#### MATERIALS PROVIDED:
────────────────────────────────────────
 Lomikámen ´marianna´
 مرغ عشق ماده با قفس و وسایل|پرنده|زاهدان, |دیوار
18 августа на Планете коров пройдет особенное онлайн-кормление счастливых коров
────────────────────────────────────────
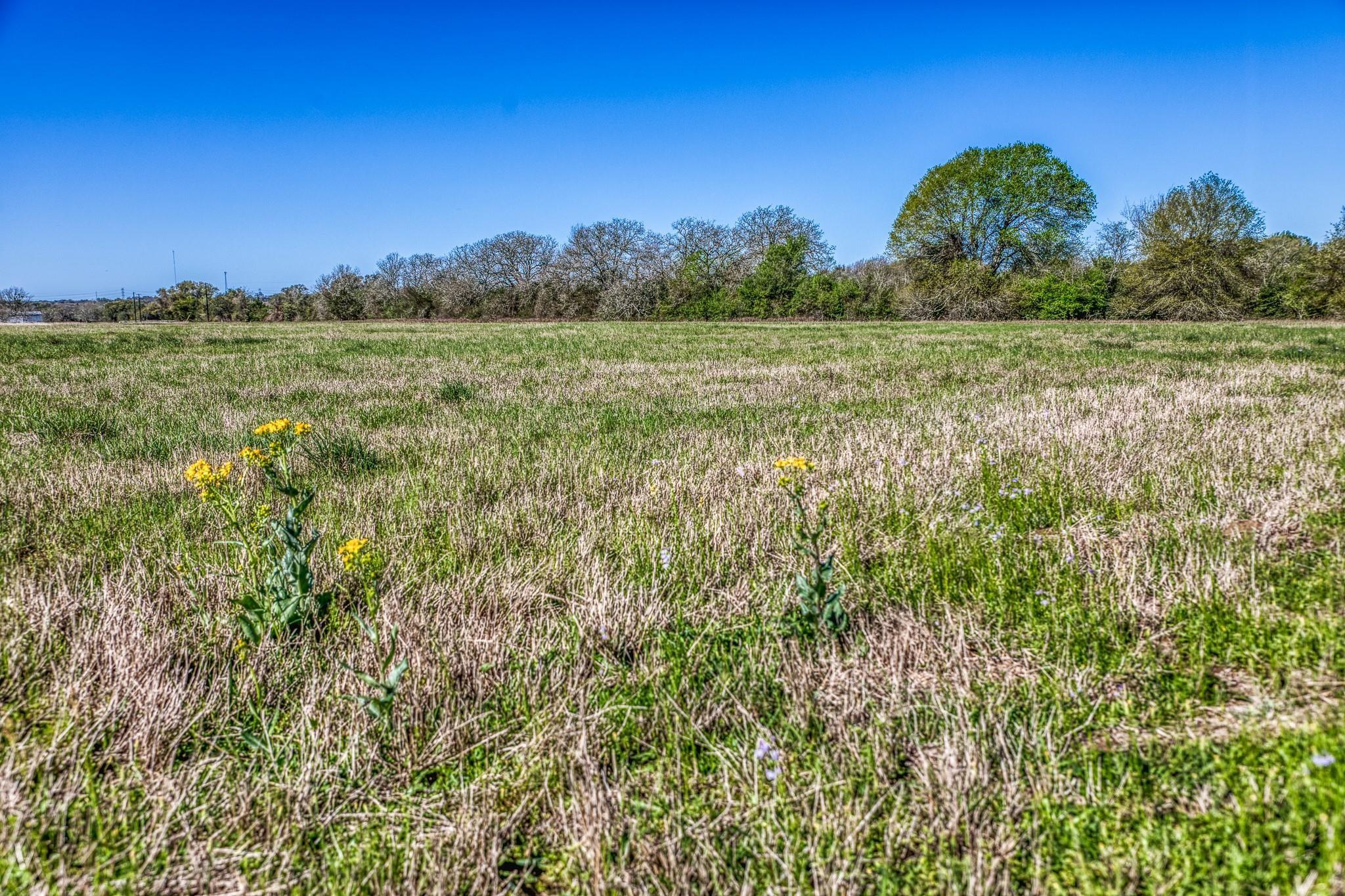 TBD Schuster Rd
────────────────────────────────────────
#### BRIEF:
From the records above, extract exactly and only the lines that begin at the line with "Lomikámen ´marianna´" and stop after the line with "18 августа на".

#### SOLVED PROBLEM:
 Lomikámen ´marianna´
 مرغ عشق ماده با قفس و وسایل|پرنده|زاهدان, |دیوار
18 августа на Планете коров пройдет особенное онлайн-кормление счастливых коров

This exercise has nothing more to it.